MARY LOBEL, the local historian, who died at the age of 93, was one of the last of a redoubtable generation of women.

Mary Rogers - Roddy as she was later known - was born into a Bristol family, well enough off, suffragists to a man, in 1900. One sister was an actress who became a Poor Clare nun partly because of how actresses were treated.

Educated at Clifton Girls High School, Rogers did some vacation work helping W. E. Crum with his Coptic Dictionary. At Crum's house she caught the eye of the visiting Edgar Lobel, the papyrologist and future editor of Greek lyric poetry, even in youth exigeant as a companion. His friends in the much larger world that he knew in the First World War were surprised to have a schoolgirl preferred to them. Undergraduate years at St Hugh's College, Oxford, were largely devoted to cricket; but her true vocation appeared in her B Litt thesis, on the town of Bury, which resulted in one of the first scholarly books on local history.

A short period of teaching in Norwich was followed by some 50 years in Oxford in a marriage to Lobel, which, unconventional by present-day standards, seemed to suit the partners well enough. He usually dined in his college, Queen's, to save 'my lamb', as he touchingly called her, from having to prepare a proper meal. They were invariably together for walks, bicycle rides, and holidays in English or Welsh counties. A medieval house in Merton Street stood still for the same period, visited occasionally by the Gilbert Murrays, the Michael Sadleirs, and various historians.

For Roddy Lobel made her own life in the Victoria County History of Oxfordshire and was accepted also into Somerville College, as a librarian, work cheerfully contributed for, at most, a pittance - and in fact she often made donations to permit the publication of what she had worked on.

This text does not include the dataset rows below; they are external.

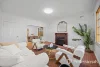 25 Hillside Road, Mount Waverley, Vic 3149-Image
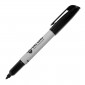 Markie Fine Permanent Marker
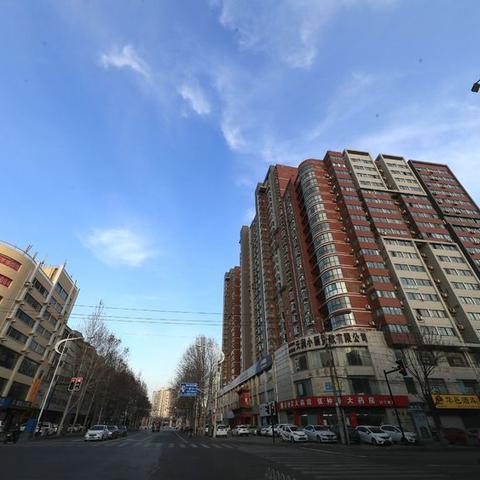 过去一个月的天气记录怎么查询(全国历史天气查询网) 过去一个月的天气记录怎么查询(全国历史天气查询网)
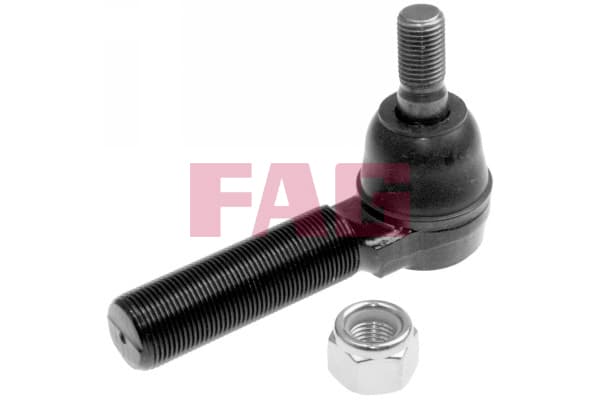 Testina sterzo — Schaeffler FAG 840 0599 10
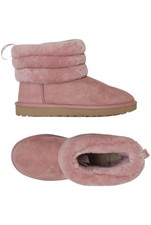 Ugg stiefelette damen ankle - ugg,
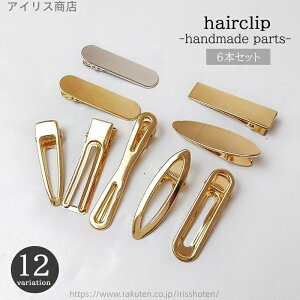 yzwANbv p[c 6{Zbg nhCh Ntg DIY | ޗ փAANZT[ wAs Eh^ ȉ~` Op`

A comment on this, as on any physical discomfort, would be brusquely put aside ('What do you mean?'), while any suggestion of shirking a duty or fudging a piece of work would earn a glacial reception. Even fellow editors (who usually loved her) would sometimes have wished to escape from her lucid explanations of what was expected from them.

She was a lively and amusing companion into advanced old age, a mark of her selflessness, and bore Lobel's final physical decline well. She rallied under widowhood following his death in 1982, making new friends at Halifax House, the university's club for visiting scholars.

Her main work in later life was the three volumes of the Atlas of Historic Towns, produced (with Col WH Johns's mapping techniques that she so much admired) to a standard other countries find it hard to match. The international side of this brought travel back into her life. London, the flower of cities all, and certainly of this series, appeared shortly before her 90th birthday and her well-earned OBE. Then she too had to know decline: a singular sweetness of character remained when all else had gone. She is (one used to think) what England was.